Gay fathers share with us the lessons they hope to teach their children.

By EBONY MONTENEGRO

In Ricky Martin’s 2010 autobiography, Me, the Puerto Rican singer delved into his new journey of fatherhood and how he wanted his children to grow up.

“I want them to feel perfectly free, and there will not be anything — not even their father’s life — that will affect them,” he wrote.  “They have to feel completely proud of who they are and where they come from, and I never want them to feel the need to keep a secret from me or from anyone. “

Armando Correa, the Managing Editor of People En Español and father of three, has been able to teach his children tolerance because they come from a non-traditional family.

“First of all, it is very difficult to become a father being gay. After you become one — in my case via a surrogate mother and an egg donor — everything else is not a problem,” Correa said. 

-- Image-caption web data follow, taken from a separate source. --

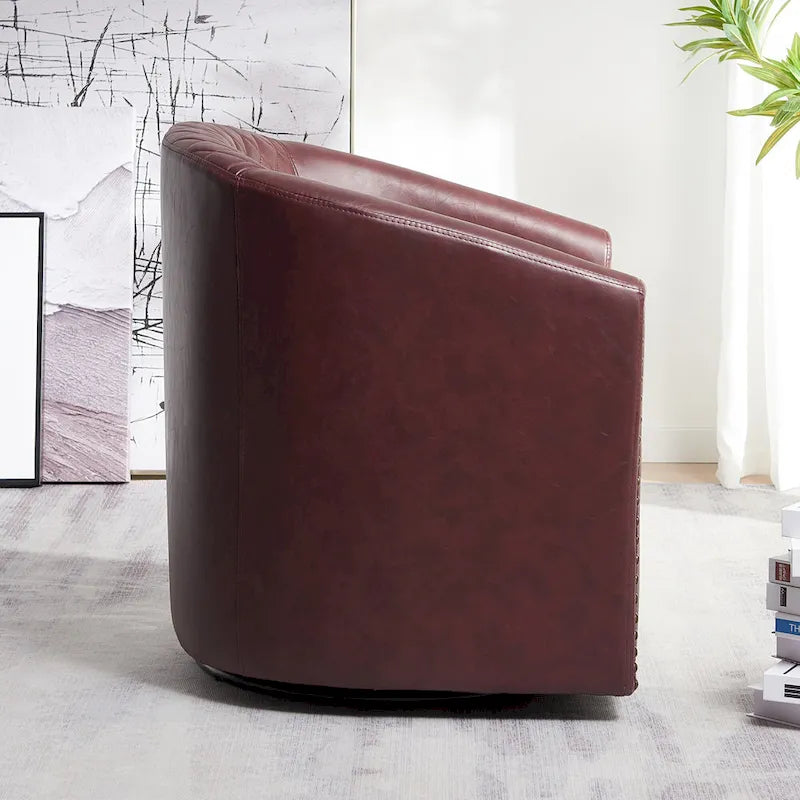 Fauteuil tonneau pivotant de 29 pouces de large en similicuir PU capitonné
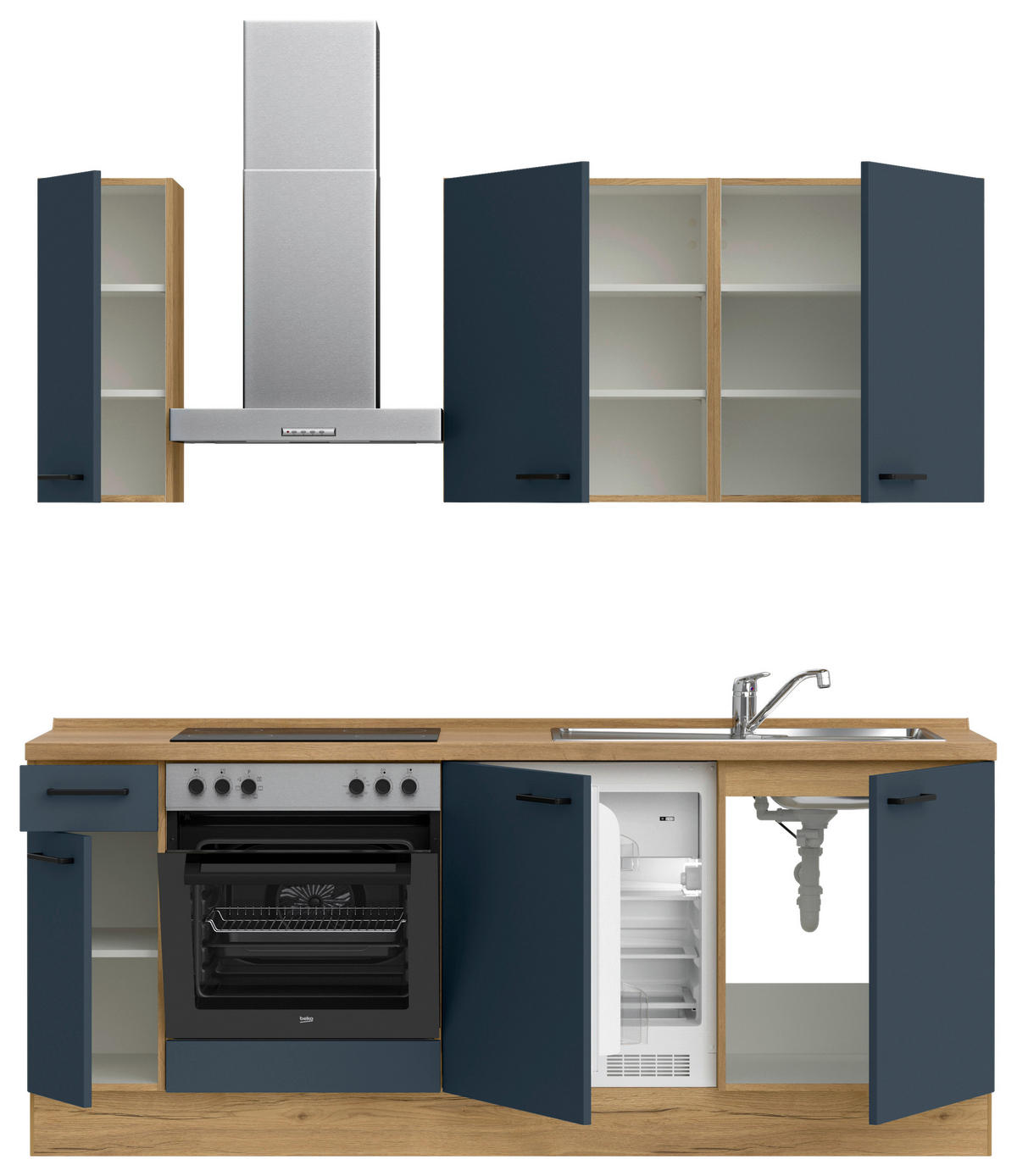 KÜCHENBLOCK 210 cm   in Eichefarben, Dunkelblau  - Eichefarben/Schwarz, MODERN, Holzwerkstoff/Metall (210cm) - Nobilia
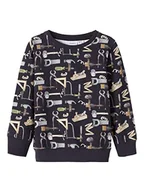 Bluzy dla chłopców - NAME IT Bluza chłopięca Nmmbette Sweat Unb, Dark Sapphire, 104 - miniaturka - grafika 1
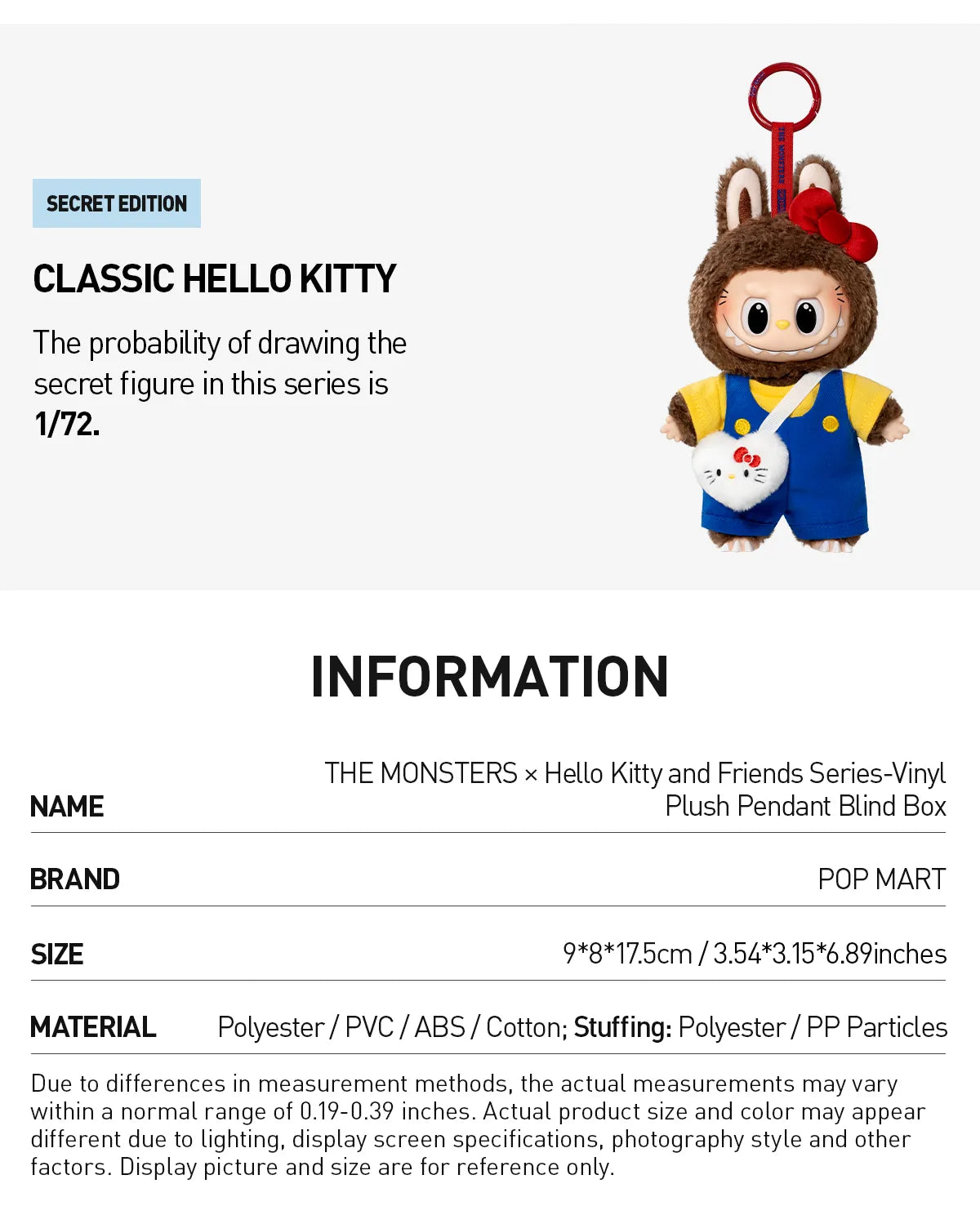 POP MART: THE MONSTERS x Hello Kitty and Friends Series Vinyl Plush Pendant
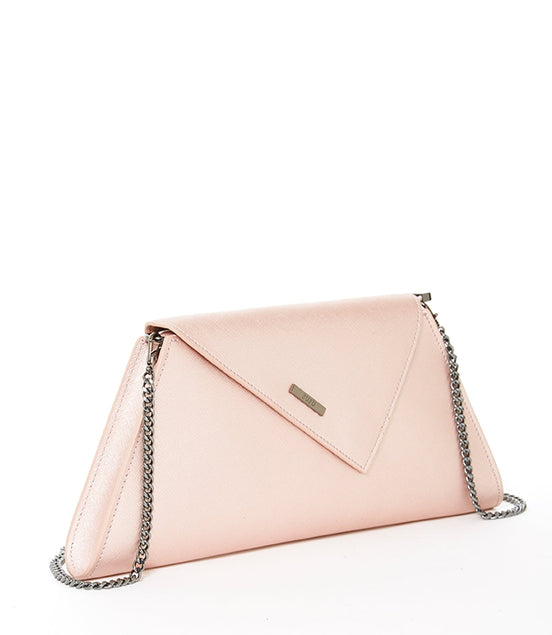 SUSU Rose Gold Metallic Leather Clutch Bag Unique Evening Purse Women's Handbag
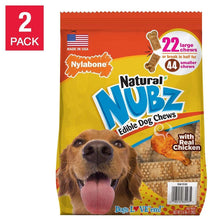Natural NUBZ edible dog chew bag, chicken flavor, red-and-yellow, 22-count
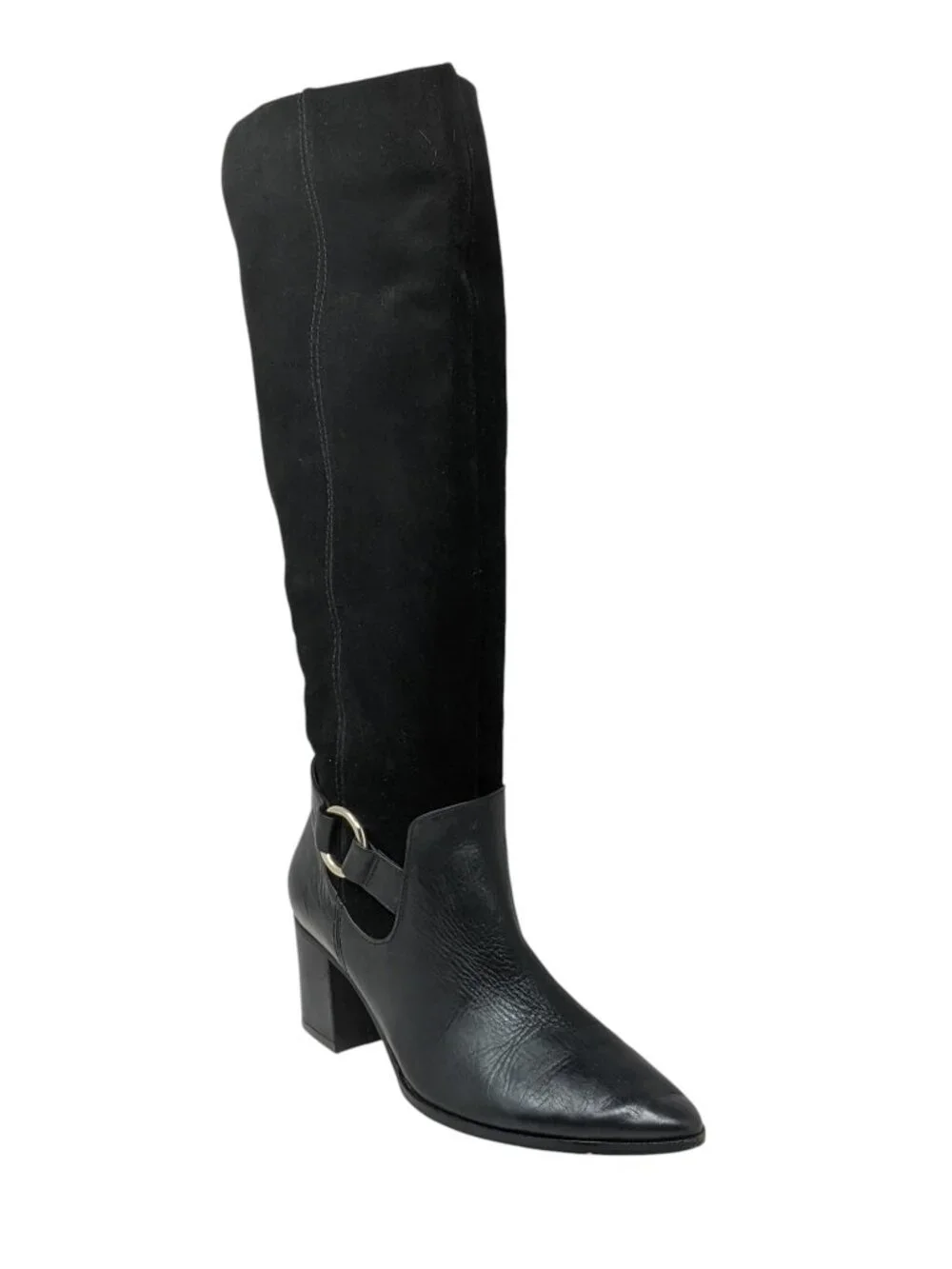 Sole Society Daleena Black Leather Suede Knee High Boots Women's 6.5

“My children, especially Emma (who is six years old), know that many different types of families exist,” he said. “She is learning to accept those differences. We are all human, in that we are the same, but at the same time we are very different.”



Correa, 52, lives in New York City with his partner Gonzalo Hernández and their children, Emma, and 2-year-old twins Anna and Lucas.

Hernán Valverde, 36, of Miami, feels that his children have an advantage by having a gay dad.

“I think they will be able to see the world in a more open form,” he said. “In my world they get to see people loving each other regardless of who they are. They open their horizons to more.”

The father of two boys, Zack, six and Tyler, four, Valverde will celebrate this Father’s Day like any other family, surrounded by those he loves. Valverde, a marketing manager for a liquor company, was married to the children’s mother. Now they stay with him every other week.

Despite the circumstances of the divorce, for Valverde being a gay father has not been hard. “The most difficult part is to explain to people that I am gay and I have two kids and to have to explain how that works,” he said. “I am lucky to live in a great city that allows everyone to be who they are.”

In terms of general fatherhood, “probably the most difficult part is being their role model, because I don’t’ want to disappoint them,” Valverde said.

Correa also expressed that his household is just like many others.

“Our family is like every other family in New York, with the difference that we are Hispanic, immigrants and my children have two parents,” he said. “Up until now we have not had a problem. But in our society being different could be impertinent for some. I always say that I don’t have problems, it is other’s people’s problems whether they accept us or not.”

In the end, the universal lesson whether we have one dad, two dads, red dads or blue dads the message parents want for their children seems to be pretty clear.

“To love all kinds of people, to be good to everybody — to me that’s the most important thing,” Valverde said.